Le Chant de la femme cryptée est un one shot graphique de Jimi Macías paru le 30 Août 2024 aux Éditions Kana. Il se compose de 208 pages. Réservé à un public averti.
Azabache est une chanteuse de copla, mais aussi une femme d’action qui a l’habitude d’accepter des missions complexes. Elle peut commettre des larcins avec une grande habileté et désamorcer des situations délicates. Cette fois, l’Inspecteur Sánchez lui demande son aide dans son enquête de meurtres en série qui ne ciblent que des femmes.
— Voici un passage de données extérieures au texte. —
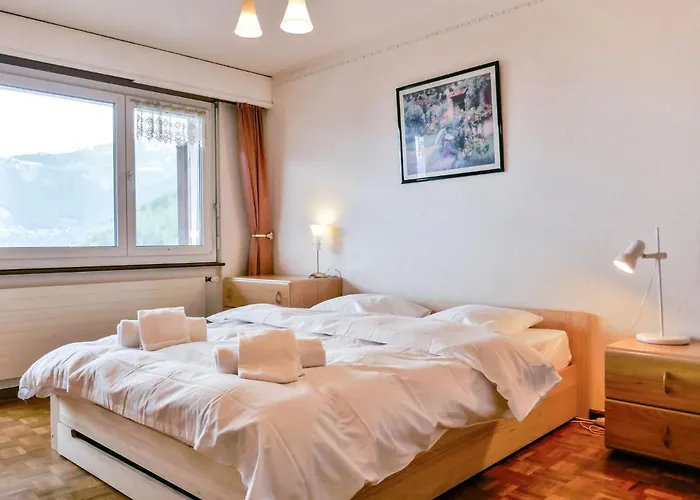 Valaisia 44b By Interhome Apartamento Nendaz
Azabache refuse jusqu’à ce que sa compagne et complice, Carmina, disparaisse à son tour, l’obligeant à se joindre à l’affaire pour la retrouver.
Concha Martínez, Rocío Hurtado et Sara Pimentel sont les 3 victimes du tueur en série. Carmina a pour l’instant disparu, son corps n’a pas été trouvé et le temps joue contre eux. Il semblerait qu’un lien plus étroit relie ces femmes ; un lien qui place Azabache en future victime…
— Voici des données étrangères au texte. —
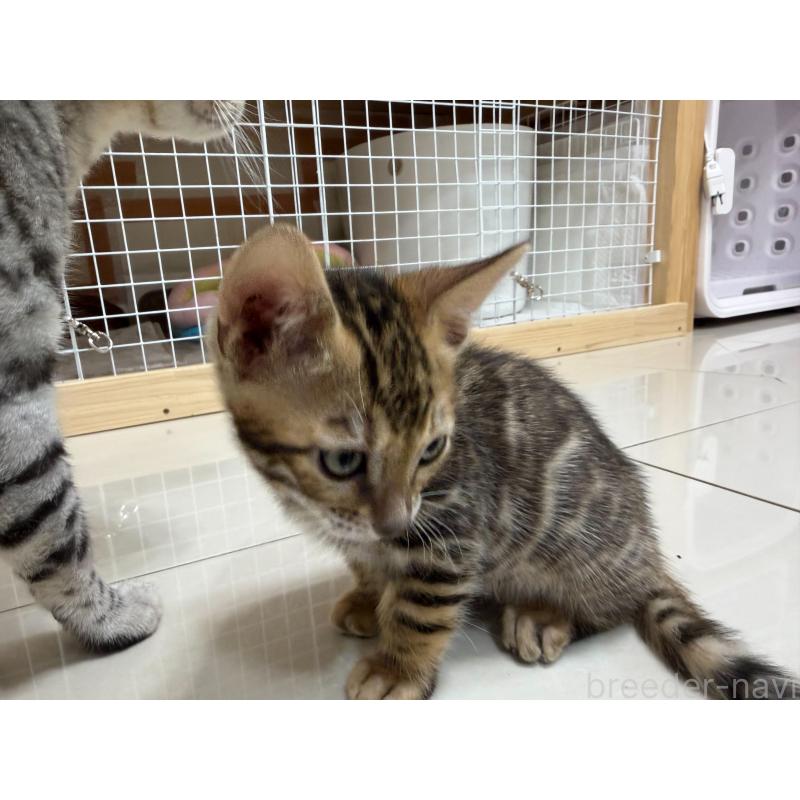 販売中の愛知県のベンガル-130177の5枚目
Au cœur de cette Espagne futuriste de 2122, la technologie se mélange à la tradition. La copla notamment, qui est un registre musical dédié à l’amour et à ses tourments. Divers détails éparpillés tout du long peuvent être repérés ; la politique est également abordée, notamment avec le Projet 1892, année de naissance de Franco qui a apporté de grands chamboulements dans l’histoire de l’Espagne.
Dans cette dystopie, l’Immersion est un moyen de raviver les souvenirs d’un défunt, si son cerveau n’est pas trop détérioré et qu’il y a une certaine compatibilité avec le receveur. C’est le processus qui est proposé à Azabache pour trouver une piste menant au tueur. Elle peut reprendre conscience quand elle le souhaite grâce à l’Assistant, qui lui apparaît sous la forme de son chat, Luna. Elle entend une chanson qu’elle ne parvient pas tout de suite à identifier, mais qui semble capitale.
Alerte Spoil
Il est dommageable que certains points restent obscurs, principalement concernant Carmina. On ne la revoit… jamais ! Est-elle morte ? Si oui, pourquoi n’est-ce pas abordé ? Après tout, c’est bien pour la retrouver qu’Azabache s’implique dans cette affaire. Ceux qui ont lu cette histoire sont dans la même expectative.
Azabache mélange les souvenirs de la défunte avec sa propre psyché, créant une arène. Elle arbore alors une tenue de matador et réchappe au taureau qui symbolise son père. Elle quitte l’arène, trouve sa mère qui serre un veau dans ses bras. Le père d’Azabache étant torero, on peut l’interpréter logiquement, d’autant qu’elle le symbolise sous la forme d’un taureau lors des révélations à la fin du livre ; toutefois, sa mère a été internée à ses 3 ans, donc Azabache n’était plus un nourrisson dans cette représentation de l’asile.
Au final, quelle interprétation peut-on donner à la chanson qu’Azabache entend lors de la reviviscence de chaque crime ? Aucune révélation n’est fournie à ce sujet. On conclut qu’il s’agit d’une chanson de sa mère, célèbre chanteuse de copla dans sa jeunesse, mais quel est son sens profond pour sa fille ? Et surtout quel rapport avec les meurtres ?
Si l’enquête propose de bonnes idées, quoique très glauques, d’où sa destination à un public mature et averti ; elle manque encore de finitions et demeure obscure, surtout concernant Carmina.
Fin du Spoil
Si le personnage d’Azabache ne m’a pas particulièrement séduite de par sa vulgarité et son attitude acariâtre, notamment envers son chat, Luna ; l’enquête, elle, est intéressante. La situation politique de cette Espagne dystopique est travaillée, imbriquant d’autres enjeux qui sont abordés au fur et à mesure.
J’insiste sur le fait que ce livre se destine à un public averti, son contenu peut choquer.
Graphiquement, c’est très singulier, on perçoit des influences diverses et variées : Albator en premier lieu, notamment au niveau des yeux étirés aux longs cils, ainsi que les boucles qui rebiquent autour du visage. Ce choix artistique fait immédiatement penser à Nausica. Les formes anguleuses des corps m’ont rappelé Kim Possible et Les Super Nanas ; les proportions sont très désarticulées ici encore. Le personnage de Dolores ressemble à C-18 dans Dragon Ball. Les décors sont plutôt anecdotiques dans l’ensemble, privilégiant l’action à gogo et les protagonistes.
Mais ce qui démarque ce one shot graphique se situe dans la maîtrise des couleurs. Chaque planche est du plus bel effet. Toutes les nuances se mélangent dans un effet psychédélique complètement assumé. La mise en scène est dingue, dynamique et rutilante.